This problem is about simply probabilities, that is, the ratio between the number of events and the total number of outcomes. In this problem, we have to find P(B), which indicates the probability of event B. Additionally, we know by given that event B is defined as "choosing an odd number", where the total number outcome is 10, because the whole set is from 1 to 10. So, the probability P(B) is:


P(B)=(5)/(10)=(1)/(2)

Therefore, the probability of event B is 1/2 or 50%.

On the other hand, part B indicates that we must find the probability of events A and B. Remember that the intersection sign indicates multiplication.
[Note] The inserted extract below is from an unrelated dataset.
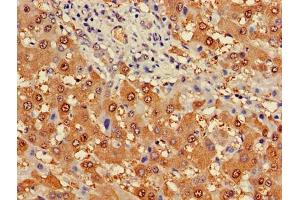 Immunohistochemistry of paraffin-embedded human liver cancer using ABIN7163274 at dilution of 1:100 (Phosphoglucomutase 1 抗体  (AA 1-562))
So, we need to find the probability of A, to then multiply it with P(B):


P(A)=(6)/(10)=(3)/(5)

Therefore, the probability of choosing a number less than 7 is 3/5, because there are only 6 numbers less than 7.

Now, we find the intersection:


P(A\cap B)=(3)/(5)\cdot(1)/(2)=(3)/(10)=0.30

Therefore, the probability of event A and B happening is 30%.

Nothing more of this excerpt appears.